If the command line interface is used to verify the file it returns the proper name and email for the signing key.

I would like to keep using a subkey for signing to protect my private key, but I am worried this incompatibility might confuse others.

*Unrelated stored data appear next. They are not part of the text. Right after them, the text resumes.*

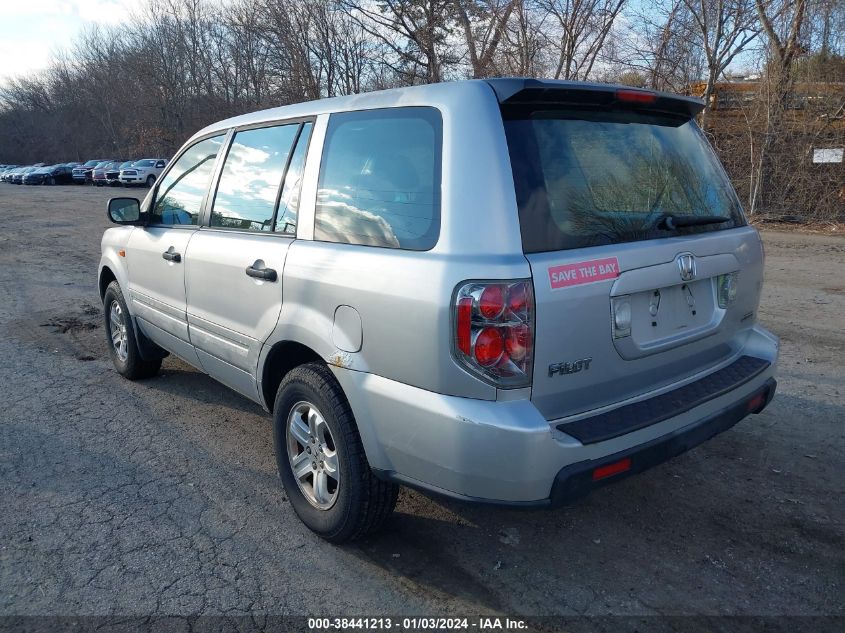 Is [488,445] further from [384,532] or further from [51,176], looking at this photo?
[51,176]

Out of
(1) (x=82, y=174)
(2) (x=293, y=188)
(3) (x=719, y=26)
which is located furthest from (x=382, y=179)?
(1) (x=82, y=174)

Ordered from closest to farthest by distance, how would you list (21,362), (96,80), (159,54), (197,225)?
A: (197,225) < (21,362) < (159,54) < (96,80)

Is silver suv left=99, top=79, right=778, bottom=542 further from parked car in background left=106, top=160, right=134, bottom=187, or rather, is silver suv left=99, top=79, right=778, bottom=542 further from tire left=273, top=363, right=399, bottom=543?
parked car in background left=106, top=160, right=134, bottom=187

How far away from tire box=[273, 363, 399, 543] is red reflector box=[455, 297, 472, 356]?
2.37 feet

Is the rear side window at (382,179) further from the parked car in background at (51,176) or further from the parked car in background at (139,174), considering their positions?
the parked car in background at (51,176)

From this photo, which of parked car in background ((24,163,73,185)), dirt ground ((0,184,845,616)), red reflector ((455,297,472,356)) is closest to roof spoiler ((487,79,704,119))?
red reflector ((455,297,472,356))

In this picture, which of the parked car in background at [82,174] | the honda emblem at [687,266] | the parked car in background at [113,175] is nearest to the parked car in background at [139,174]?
the parked car in background at [113,175]

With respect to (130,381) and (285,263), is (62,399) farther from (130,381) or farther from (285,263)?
(285,263)

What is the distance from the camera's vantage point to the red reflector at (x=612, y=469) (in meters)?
2.43

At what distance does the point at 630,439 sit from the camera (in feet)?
8.25

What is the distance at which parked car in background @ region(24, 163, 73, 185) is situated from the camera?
149 feet

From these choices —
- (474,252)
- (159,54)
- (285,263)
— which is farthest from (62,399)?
(159,54)

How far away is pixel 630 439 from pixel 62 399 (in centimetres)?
430

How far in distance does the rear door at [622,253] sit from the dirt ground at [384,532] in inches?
28.2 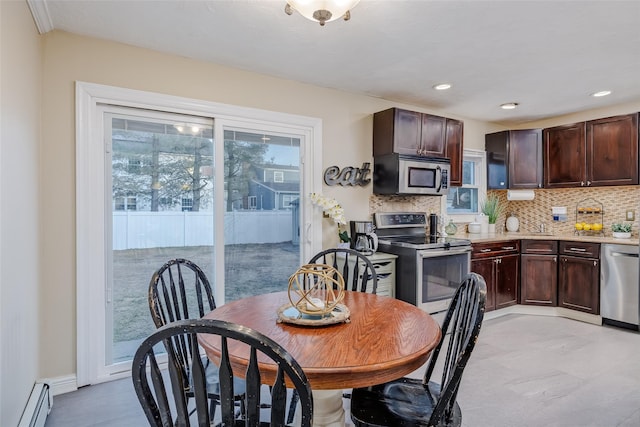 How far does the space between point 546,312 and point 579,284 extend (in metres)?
0.51

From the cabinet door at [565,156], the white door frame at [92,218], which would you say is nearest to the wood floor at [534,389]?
the white door frame at [92,218]

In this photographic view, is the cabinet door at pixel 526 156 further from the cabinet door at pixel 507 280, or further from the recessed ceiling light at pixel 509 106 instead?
the cabinet door at pixel 507 280

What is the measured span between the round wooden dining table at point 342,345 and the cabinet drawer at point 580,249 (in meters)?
3.26

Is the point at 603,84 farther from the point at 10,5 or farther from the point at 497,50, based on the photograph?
the point at 10,5

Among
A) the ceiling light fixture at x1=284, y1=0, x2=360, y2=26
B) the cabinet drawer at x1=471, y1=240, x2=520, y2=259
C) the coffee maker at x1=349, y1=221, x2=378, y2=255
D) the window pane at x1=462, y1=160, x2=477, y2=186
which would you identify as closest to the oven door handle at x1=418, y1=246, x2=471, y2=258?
the cabinet drawer at x1=471, y1=240, x2=520, y2=259

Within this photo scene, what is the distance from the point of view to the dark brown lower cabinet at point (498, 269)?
4062mm

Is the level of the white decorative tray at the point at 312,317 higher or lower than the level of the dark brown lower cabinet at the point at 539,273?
higher

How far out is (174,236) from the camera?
9.62 ft

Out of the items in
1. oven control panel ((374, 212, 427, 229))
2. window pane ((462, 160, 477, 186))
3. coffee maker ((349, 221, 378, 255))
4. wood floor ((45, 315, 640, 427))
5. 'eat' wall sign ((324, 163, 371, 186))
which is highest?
window pane ((462, 160, 477, 186))

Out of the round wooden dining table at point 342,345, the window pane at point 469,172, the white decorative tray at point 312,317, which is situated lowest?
the round wooden dining table at point 342,345

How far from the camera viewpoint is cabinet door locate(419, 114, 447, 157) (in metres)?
3.87

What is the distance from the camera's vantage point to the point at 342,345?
4.32 feet

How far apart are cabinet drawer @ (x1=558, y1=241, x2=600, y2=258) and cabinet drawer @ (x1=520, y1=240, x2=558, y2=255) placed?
7 centimetres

I suspect if you try to verify this message with kleopatra it will return the same error/bug.
-----BEGIN PGP SIGNATURE-----
Version: GnuPG v2.0.19 (MingW32)

iQIcBAEBAgAGBQJQrESfAAoJEIJrHQl12qNTtDMP/0XdD7Dbb+NonRu1z9vG5X6M
iF+PWE+dDh6F5z0r11YByfDUyg6zZZVZw0iGHUCew9IpNz007K95kJVN0kJtcgC2
lDssThoDJqd1O1DE4OO1MitwNrdDKuzMYV4VYJ7t8xaedWZ85S8PjCt15LUYkqAj
V8LrocJqWgPvBX2HsBj3y0ENC94VyOk1LxnDC8h6QgqIhEQwS25Mc94K7j90LLmC
D2H1c1PtueggmaenmZQM70lPH+6dirLBaHjOCXadzijQS+yVR4i8qL/QT3BN1r3v
ZhRILoCb7B7qyquTKjmw3z42vGDrhCB5Fg7OoctkNh7vYvsB8uJBeTA9LOkgoa/i
4pEFEj54IwxifdjvGQpE04e3WRR0jQ79SI5seONXWfQ1LAmBa4tkfAhT78VO1Wu9
aqCccsTfacHPqdJK5SYprfQ6gf9KBF0UZN+MZ00ZwO/dVe6kL22LqaALEQqVz7Rc
vbxtdRq5VuEjuu16Npx/7KH3zx8j4sFuRe1ViEb8Ex9dpZS2AXX2n4kx908JnKgH
0jg+Ylhyuh25L3ovYqUGkQq0sRgjeAGXGbcWYeWMV/Z4Nr6B792LldZmx4pwLN5t
mNqhgBBjs/pfNkM7pEW05tldB33fhm0YtLFOjw3RQUfETe4kO1iPya5RCntB5Y67
tEW+Uzrdyz5/dFe2YCkj
=eJKn
-----END PGP SIGNATURE-----
Comment 3 Emanuel Schütze 2013-05-08 15:16:09 UTC 
I'll check this issue with current Kleopatra and Gpg4win.
Comment 4 Tony Gies 2013-12-05 02:07:09 UTC 
I'm seeing this issue as well with Kleopatra 2.2.0 from Gpg4win 2.2.0. I am using a similar arrangement to that previously described with an offline primary private key and a subkey for signing.
Comment 5 Bernhard E. Reiter 2016-05-10 06:35:30 UTC 
There is a another report with a similiar issue where the subkey is reported
"unknown" independently of the signature status.

It is in German from https://wald.intevation.org/forum/forum.php?thread_id=1620&forum_id=84&group_id=11
reporting for Gpg4win 2.3.1 which uses Kleopatra:       2.2.0-gitfb4ae3d

Should be reproducable with the tails certificate in question.